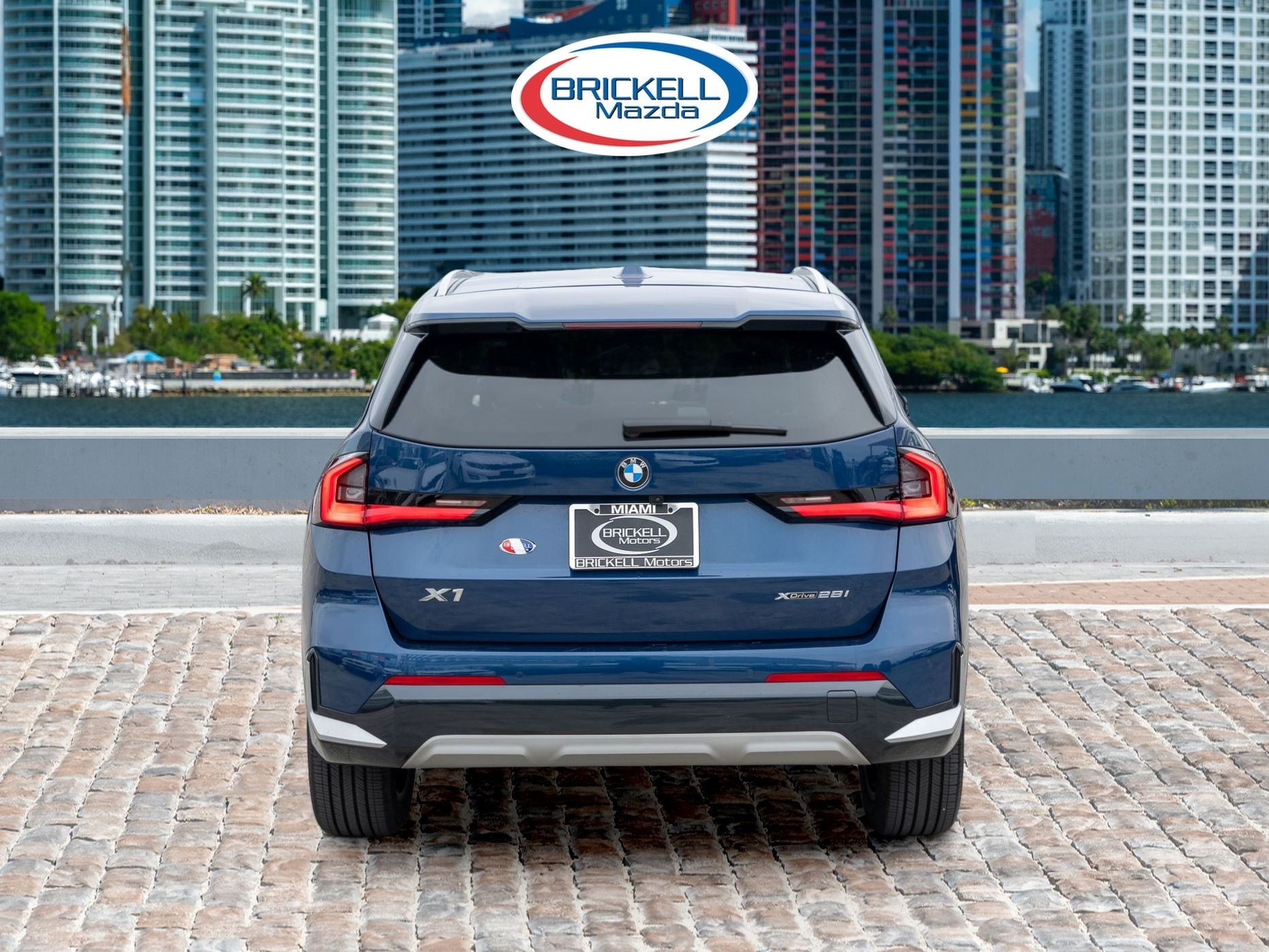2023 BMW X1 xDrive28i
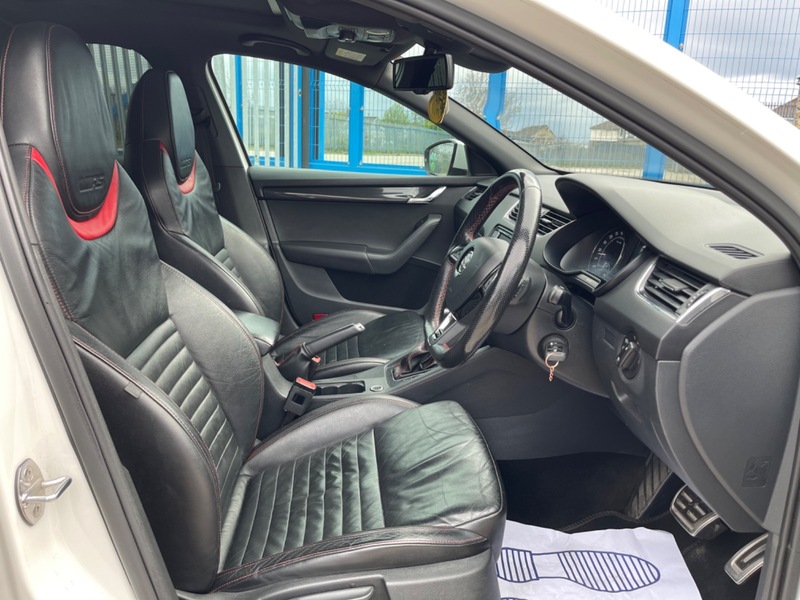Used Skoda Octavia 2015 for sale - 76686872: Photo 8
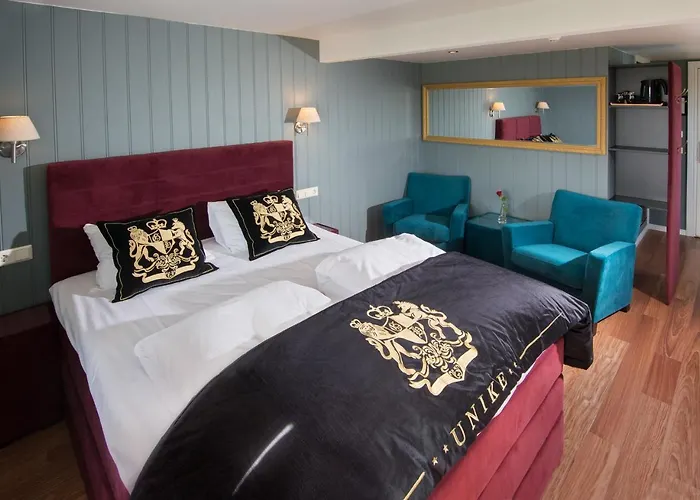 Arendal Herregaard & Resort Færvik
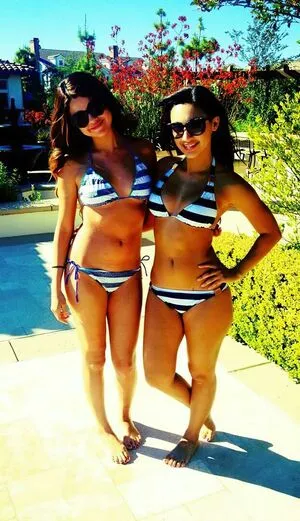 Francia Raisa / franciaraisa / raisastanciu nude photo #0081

________________________

Reproduce exactly and only the lines from the line that contains "Used Skoda Octavia" to the end of the data above, both ends included. No pictures go in the copy.

* Task output *
Used Skoda Octavia 2015 for sale - 76686872: Photo 8
 Arendal Herregaard & Resort Færvik
 Francia Raisa / franciaraisa / raisastanciu nude photo #0081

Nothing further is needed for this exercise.